PS: wenn du fragen hast dann schreib mich per pn an dann geb ich dir die ts daten. (TS 3)


----------



## Lee (23. März 2011)

> Das was du da siehst war nur die map von dem 1. teil (profesis ka wie mans schreibt) die anderen maps von den anderen 2 teieln ist genau so groß bzw. größer als diese map.



Quatsch. Das ist nicht der nur Prophecies Kontinent drauf. Das sind alle 3 Kontinente...


----------



## Gast1111 (23. März 2011)

Gigantisch man braucht so ca. 30 Stunden für NF wenn man sich beilt ;D


----------



## Lee (23. März 2011)

Das ist schon sehr optimistisch imo. Es sind ja schon über 20 Missionen, die du zu machen hast, die teilweise recht lang dauern. Dazu noch viele Quests und normalerweise rauscht man ja auch nicht ohne Pause von Mission zu Mission. Ich würde sagen, da hat man u.U. deutlich länger etwas davon.


----------



## Arthuriel (24. März 2011)

Hmm, früher (vor ein bis zwei Jahren) habe ich auch mal Guild Wars gespielt (alle Teile im normalen Modus durch) und ansonsten habe ich nur noch ein paar Gebiete im Hard Mode gecleart, da es ohne Freunde keinen Spaß mehr gemacht hat (zu der Zeit hat sowieso keiner mehr aus meinem Freundeskreis Guild Wars gezockt).
Was ich damit sagen will, ist halt die Tatsache, dass es alleine nicht so viel Spaß macht, als wenn man es mit Bekannten usw. spielt. Von daher überlege ich auch, ob ich mir überhaupt den Nachfolger kaufe, da es halt darauf ankommt, ob auch Leute das Spiel spielen, die man gut kennt usw.

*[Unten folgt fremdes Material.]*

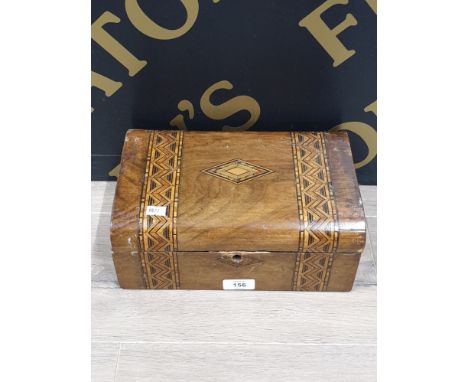 VINTAGE HEAVILY INLAID WALNUT JEWELLERY CHEST AF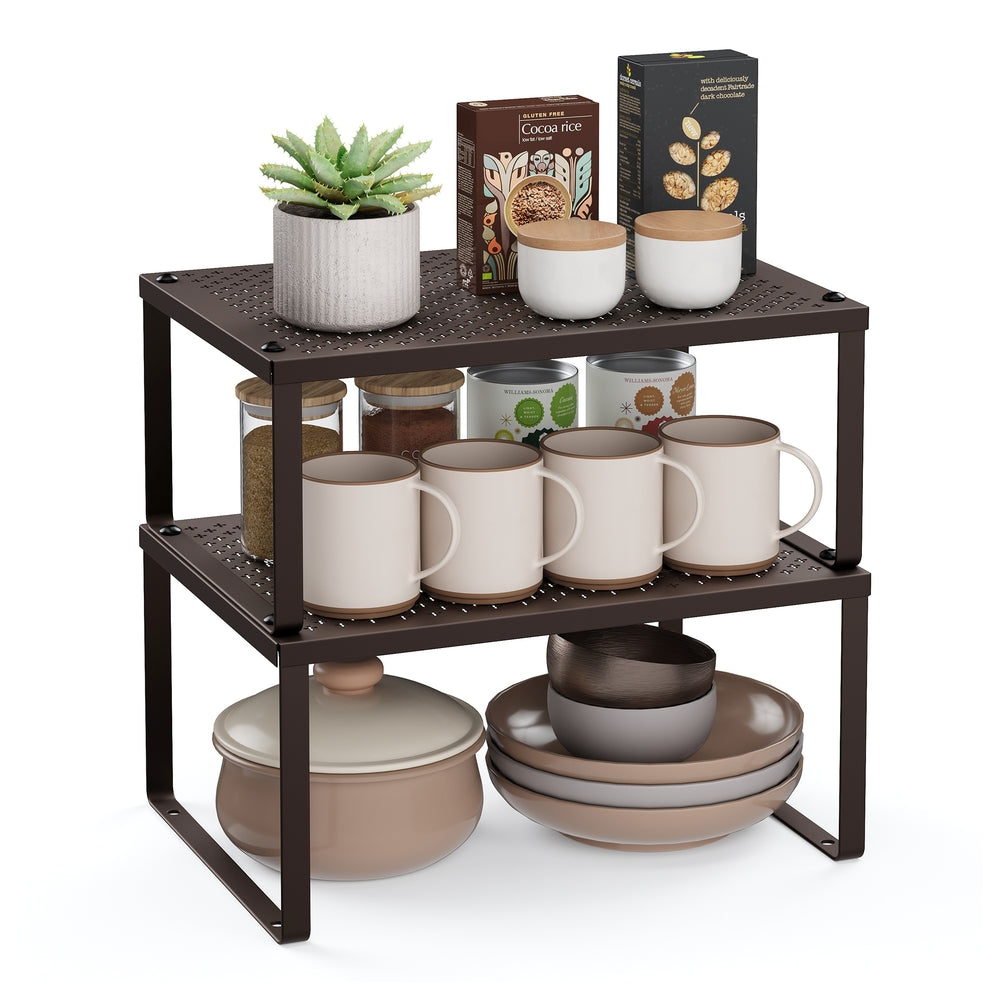 Set of 2 Stackable and Expandable Spice Racks - Brown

P.S.: Lee hat Recht, denn auf der Karte sind wirklich alle Gebiete aus Guild Wars abgebildet.


----------



## $$HardwareKing$$ (25. März 2011)

Naja aber in GW 2 soll man ja überall Spieler in der Welt sehen, da müssen doch nicht unbedingt deine Freunde des auch spielen oder ? 
Bei wow hab ich auch immer wieder nette Leute kennen gelernt


----------



## Painkiller (25. März 2011)

> Naja aber in GW 2 soll man ja überall Spieler in der Welt sehen, da müssen doch nicht unbedingt deine Freunde des auch spielen oder ?


Müssen nicht... Aber mit Freunden macht das ganze einfach mehr Spaß!


----------



## Lyr1x (25. März 2011)

<<Painkiller>> schrieb:


> Müssen nicht... Aber mit Freunden macht das ganze einfach mehr Spaß!



+ Teamspeak, Skype etc.


----------



## Painkiller (25. März 2011)

Lass Teamspeak weg, dann passt das 

Ist halt einfach besser, weil man sich mit Freunden bei Raid´s besser abstimmen kann. Vorallem wenn die Klassen einander gut ergänzen.


----------



## $$HardwareKing$$ (25. März 2011)

Ja gut, des stimmt scho, nur in meinem Freundeskreis zocken se halt meistens CSS oder WOW oder COD6 und keine mmorpg's


----------



## Dexter02 (30. März 2011)

$$HardwareKing$$ schrieb:


> Ja gut, des stimmt scho, nur in meinem Freundeskreis zocken se halt meistens CSS oder WOW oder COD6 und keine mmorpg's


Ist WoW nicht ein mmorpg oder täusche ich mich da jetzt?


----------



## böhser onkel (30. März 2011)

Doch da hasst du recht


----------